Obesity rate drops 43% in young US children

WASHINGTON (AFP) - While many Americans struggle with extra weight, the obesity rate among United States (US) pre-schoolers has dropped by nearly half in recent years, according to figures out on Tuesday.

Just 8 per cent of children aged two to five were obese in 2011-2012, down from 14 per cent in 2003-2004, according to findings from the US Centers for Disease Control (CDC) and Prevention, published in the Journal of the American Medical Association.

"We continue to see signs that, for some children in this country, the scales are tipping," said the CDC's Tom Frieden.

He highlighted that the study comes on the heels of previously-released CDC data showing a "significant decline" in obesity among low-income children aged two to four participating in federal nutrition programmes.

"This confirms that, at least for kids, we can turn the tide and begin to reverse the obesity epidemic," he added.

The exact reasons for the drop are unclear. However, many childcare centres have recently started boosting their nutritional and physical activity standards, the CDC said in a statement.

Other possible reasons, it added, could be higher breastfeeding rates and a decline in the consumption of sugary drinks.

First Lady Michelle Obama - whose "Let's Move" campaign is aimed at tackling childhood obesity - welcomed the new numbers.

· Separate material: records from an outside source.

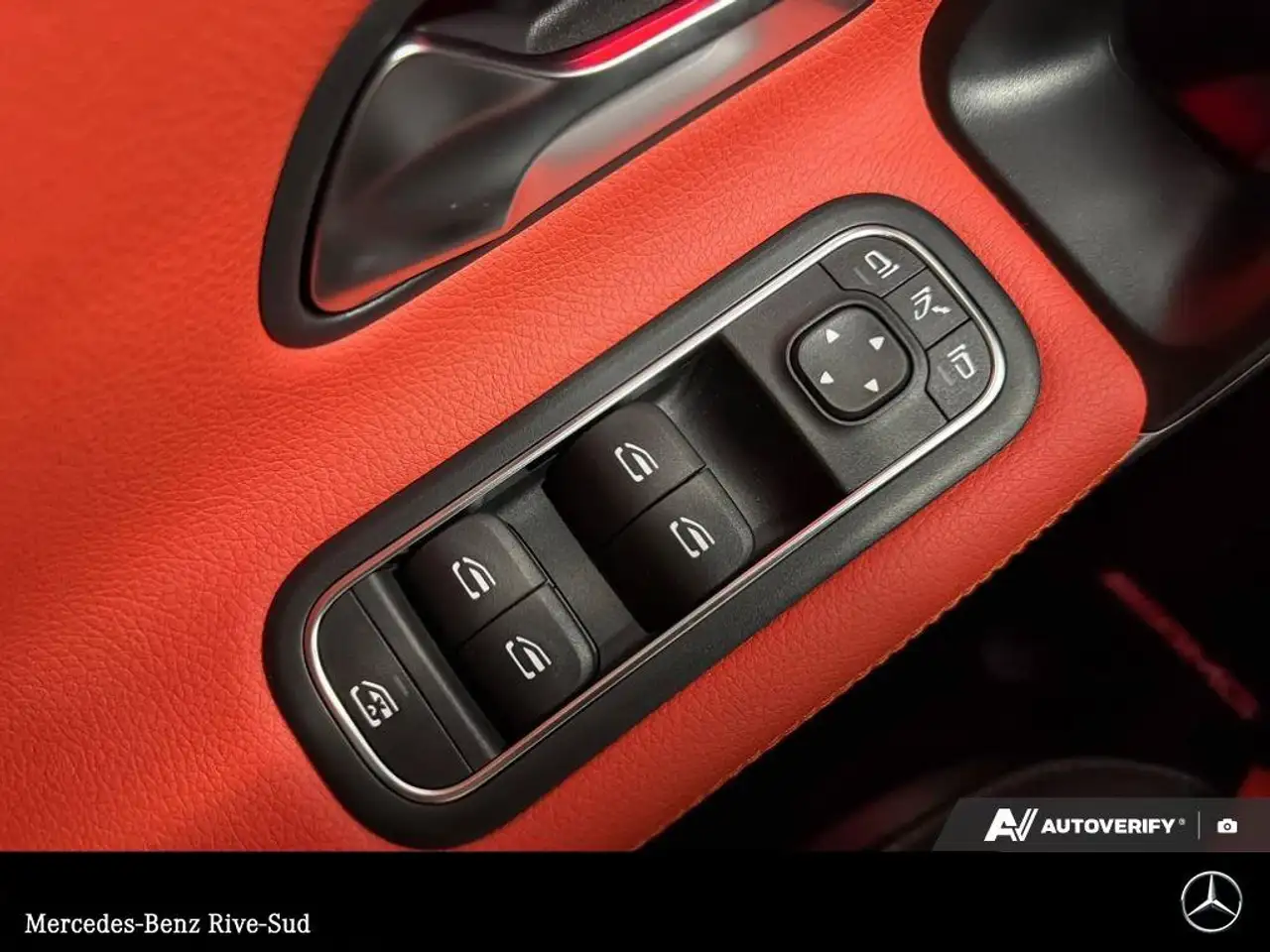 Mercedes-Benz CLA photo Mercedes-Benz CLA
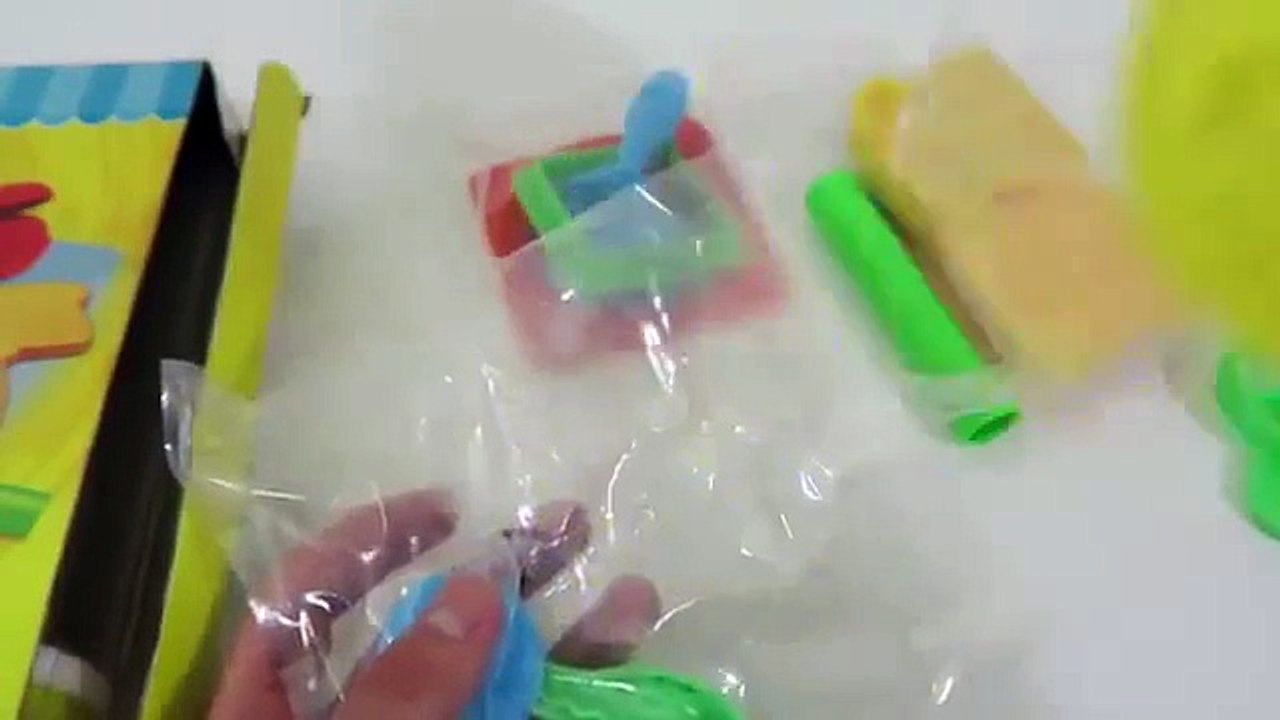 Play-Doh Lunchtime Creations Playset Sweet Shoppe Pizza Sandwiches Cookies by Funtoys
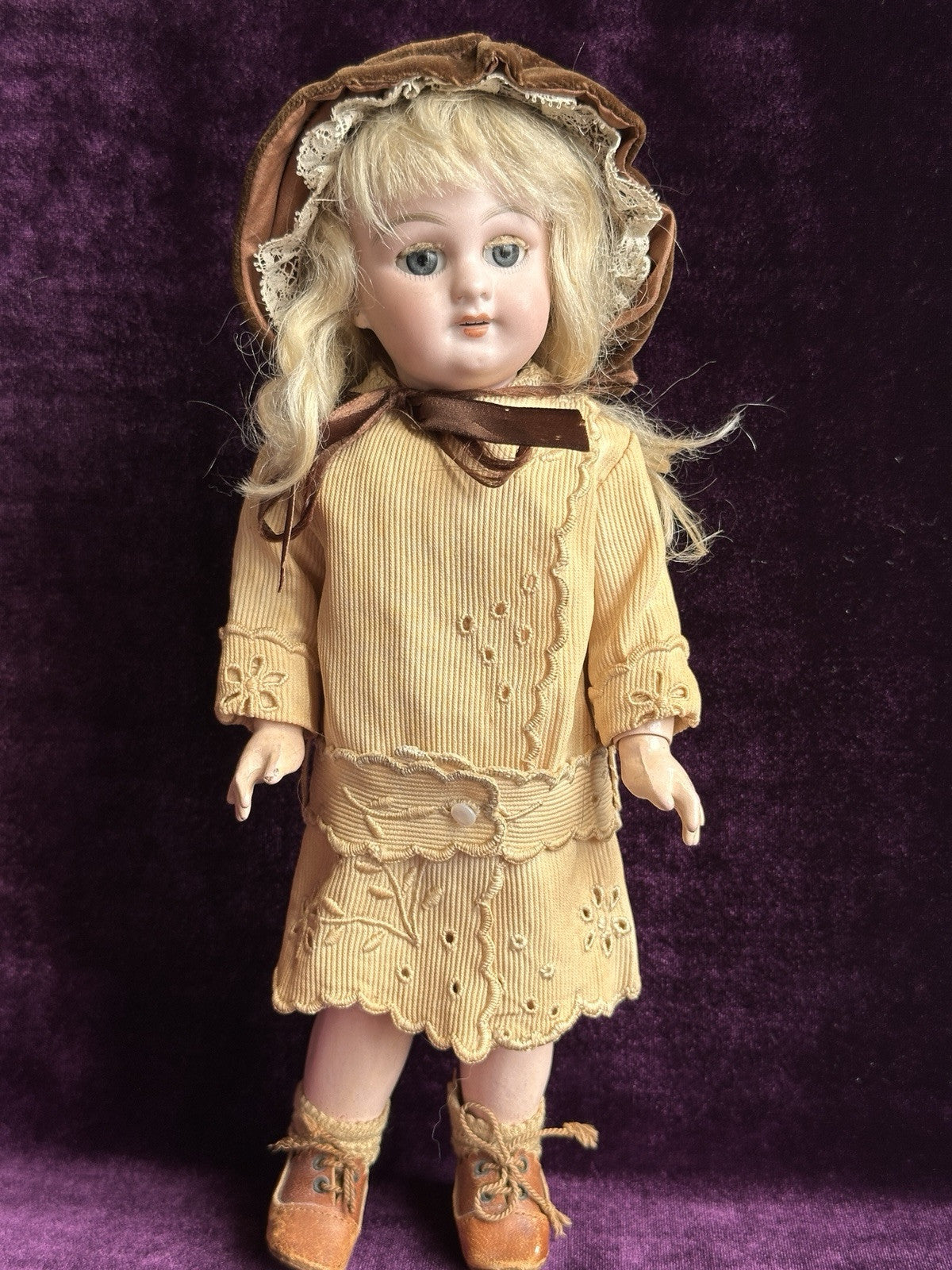 Antique German/French 10” Simon Halbig Dep Jumeau Milette Bisque Head Doll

"I am thrilled at the progress we've made over the last few years in obesity rates among our youngest Americans," she said. "With the participation of kids, parents, and communities in Let's Move! these last four years, healthier habits are beginning to become the new norm."

Overall, however, the prevalence of obesity remains high in the US and, for the first time in two decades, the White House is expected to unveil updated nutrition labelling on Thursday.

The CDC study also found that about a third of adults and 17 per cent of children and teenagers were obese in 2011-2012, representing no significant changes.